Hi Charlotte,
On 11.11.2016 08:14, Charlotte Plusplus wrote:
So I did many more tests today (more than 6h, and flashing around 30 times), with SPD settings hardcoded into raminit, and without the mrc cache interfering.
thanks for the analysis and summing this up.
TLDR: coreboot tries to increase the frequency without increasing the voltage, and that doesn't work for all memory.
Basically, with the problematic ram sticks, I can boot perfectly fine at DDR3-1866 speed, but even the slower setting 11-11-11-31 gives errors on the memtest. This is inconsistent with information I found about my memory from its SPD information, and from other people who overclock this exact same memory.
Even at 10-10-10-27, I still get errors at DDR3-1600 speeds. Far fewer than before, but some errors sill.
After reading more about XMP and SPD, it is my understanding that :
- JEDEC specs stop at 1600, and after that XMP is required
- even before 1600, XMP also offers profiles, and they are not optional:
some memory is otherwise unable to work at its advertised speed
This would mean the memory is just broken. But that's what I suspect of any memory that's supposed to run out of spec.
- XMP profiles are some kind of overclocking: they usually require
adjusting the voltage, to deal with this increased speed
Not kind of overclocking, simply overclocking. There's only one voltage specified for DDR3, IIRC.
- in XMP profile bytes, voltage increase information is given precisely
- nowhere in the code I saw anything increasing the voltage, while XMP
requires that
I conclude that while there may be errors in selecting the SPD settings, even if the SPD is manually corrected with known-good settings, or if overshooting with very generous latencies, some errors do remain as the ram is being asked to operate outside its voltage specifications (given the frequency)
1.5V is a JEDEC spec, but RAM is advertised based on the information contained in the XMP profiles, which at the moment do not seem fully supported.
JEDEC is the standard. If the XMP support is half-baked it should be disabled by default. Maybe we should even put a warning in the log if we encounter an XMP profile with anything else than 1.5V (if it's common that those DIMMs are broken ex factory).
I do not know how to adjust the voltage (it should require talking to the IMC of the CPU) but I think that as soon as this is done, stability should improve.
If someone can propose a patch doing that (either using the voltage read from SPD, or by manually entering voltage information), I will be happy to test it.
Depending on the board the voltage might not be configurable at all. Why should it be if there is only one voltage defined in the standard?
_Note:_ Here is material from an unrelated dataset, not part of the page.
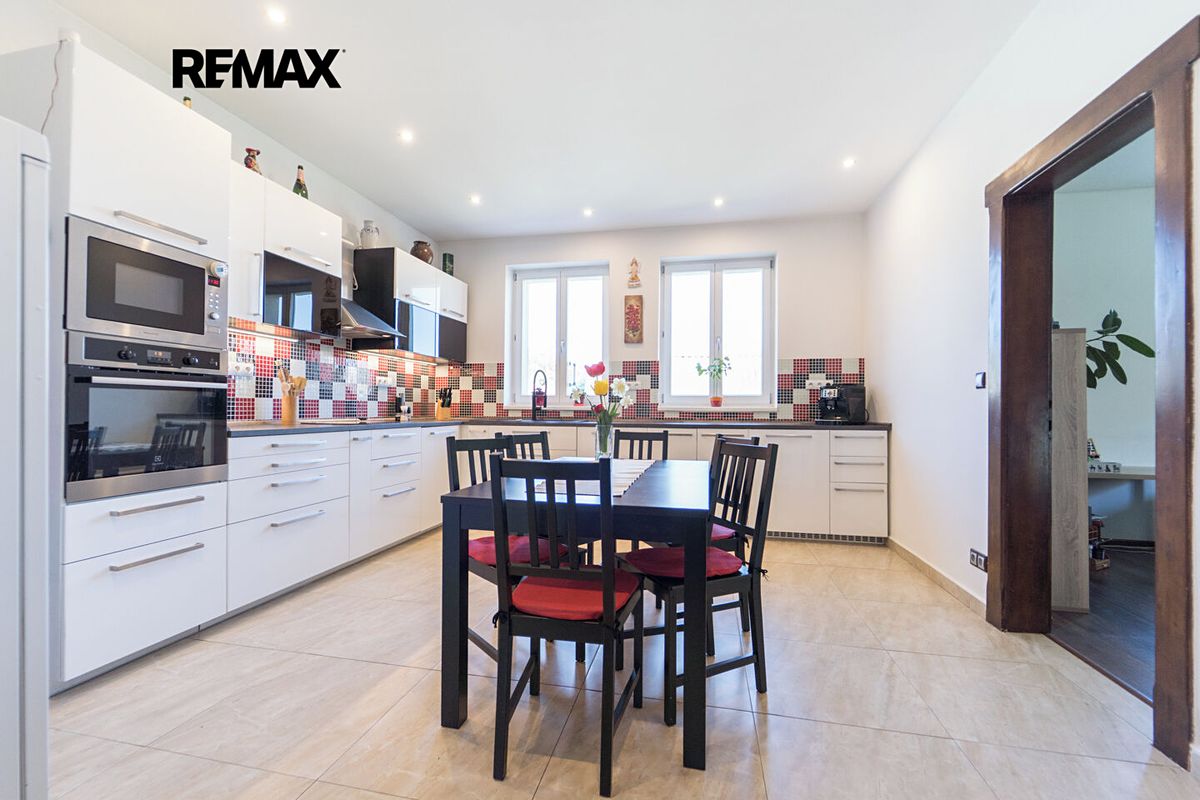 Prodej vily 240 m², pozemek 1897 m² – fotografie 5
For now, I urge caution when operating even at DDR-1866 frequencies. Most boards do set up 933 as their max_mem_clock_mhz. It is not very prudent to do that until the voltage situation can be solved.
If the board can work at that frequency, that's just fine. If the voltage is a problem, it's due to the memory module. IMHO, the rule should be to ignore SPD frequency settings that include an out of spec voltage.
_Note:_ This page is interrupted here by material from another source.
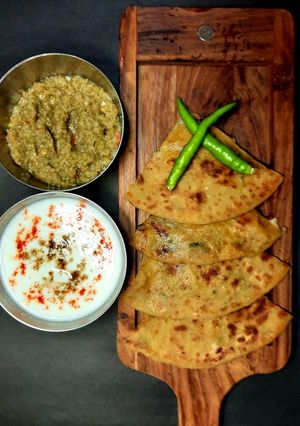 आलू पराठा (Aloo Paratha recipe in hindi) रेसिपी मुख्य फोटो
If you want to do further testing, you can try to find out which com- binations of processor and DIMMs work with the Vendor BIOS or the MRC blob (I wouldn't expect that it supports non-JEDEC stuff, but it would be nice to know if something can be fixed in coreboot easily).
Nico
Hello
On Fri, Nov 11, 2016 at 7:53 AM, Nico Huber nico.h@gmx.de wrote:
After reading more about XMP and SPD, it is my understanding that :
- JEDEC specs stop at 1600, and after that XMP is required
- even before 1600, XMP also offers profiles, and they are not optional:
some memory is otherwise unable to work at its advertised speed
This would mean the memory is just broken. But that's what I suspect of any memory that's supposed to run out of spec.
I think it is a being too extreme. All of the ram sold, and most of what is being used contains XMP profiles. It is hard to say how much of the installed base may have problems when using XMP profiles without adapting the voltage since not many people use coreboot, and not many of those who use coreboot will be running memtest for hours.
- XMP profiles are some kind of overclocking: they usually require
adjusting the voltage, to deal with this increased speed
Not kind of overclocking, simply overclocking. There's only one voltage specified for DDR3, IIRC.
It is indeed Intel fault for rating the IMC only to 1600, and putting a hack on top of that to make RAM go faster. But they made this hack a standard, adopted by manufacturers. So it is not just overclocking in the usual sense. It is Intel and ram-manufacturers validated overclocking, where the XMP profiles contain speed settings + voltage, and negociate with the system to get this voltage.
It is stable, or it wouldn't be used in production by so many bioses.
JEDEC is the standard. If the XMP support is half-baked it should be disabled by default. Maybe we should even put a warning in the log if we encounter an XMP profile with anything else than 1.5V (if it's common that those DIMMs are broken ex factory).
So many standards to chose from lol I wouldn't call the XMP support half baked. It is a very nice addition, as based on my understanding, some combination of chipsets + RAM may not even be able boot without XMP profiles. The XMP implementation just needs to be completed to also do the voltage part.
Likewise, we can't say that 99% of the DIMMs are broken. The XMP profiles have been tested and validated.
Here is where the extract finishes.